- [What you need to do]: Using the data below, output a verbatim copy of the lines between the one holding "History of Worcester, Massachusetts, From" and the one holding "网络游戏大全，让你找到自己喜爱的游戏类型", inclusive, without any pictures.

--- Records for the task Enclosed Below ---

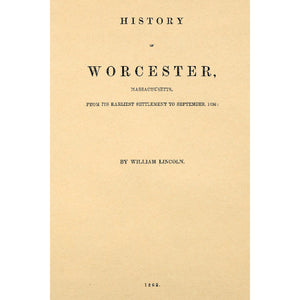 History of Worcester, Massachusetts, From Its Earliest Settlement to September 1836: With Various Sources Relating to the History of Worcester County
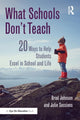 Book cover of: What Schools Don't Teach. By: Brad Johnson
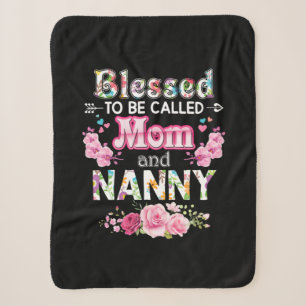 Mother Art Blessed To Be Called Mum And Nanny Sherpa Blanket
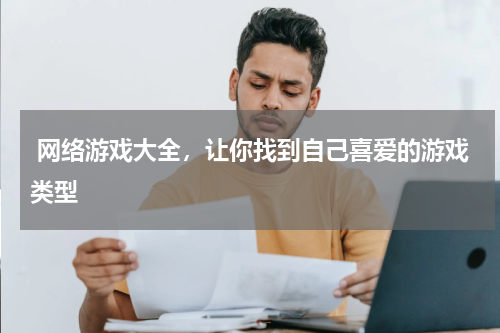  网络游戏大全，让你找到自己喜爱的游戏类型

--- End of Enclosed Records for the task ---
--- Records for the task Enclosed Below ---

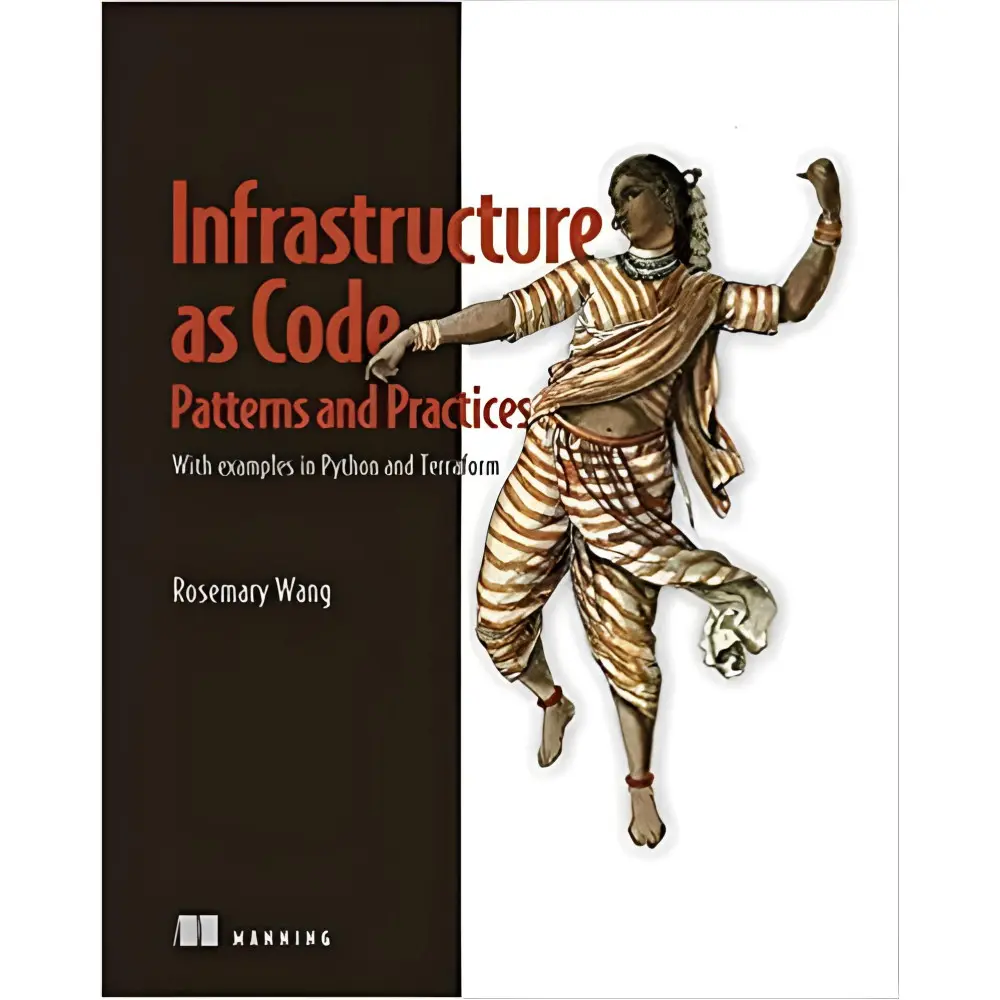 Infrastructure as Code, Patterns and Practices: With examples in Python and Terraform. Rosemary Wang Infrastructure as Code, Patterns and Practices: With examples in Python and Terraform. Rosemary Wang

--- End of Enclosed Records for the task ---

- [Answer space]:
 History of Worcester, Massachusetts, From Its Earliest Settlement to September 1836: With Various Sources Relating to the History of Worcester County
 Book cover of: What Schools Don't Teach. By: Brad Johnson
 Mother Art Blessed To Be Called Mum And Nanny Sherpa Blanket
  网络游戏大全，让你找到自己喜爱的游戏类型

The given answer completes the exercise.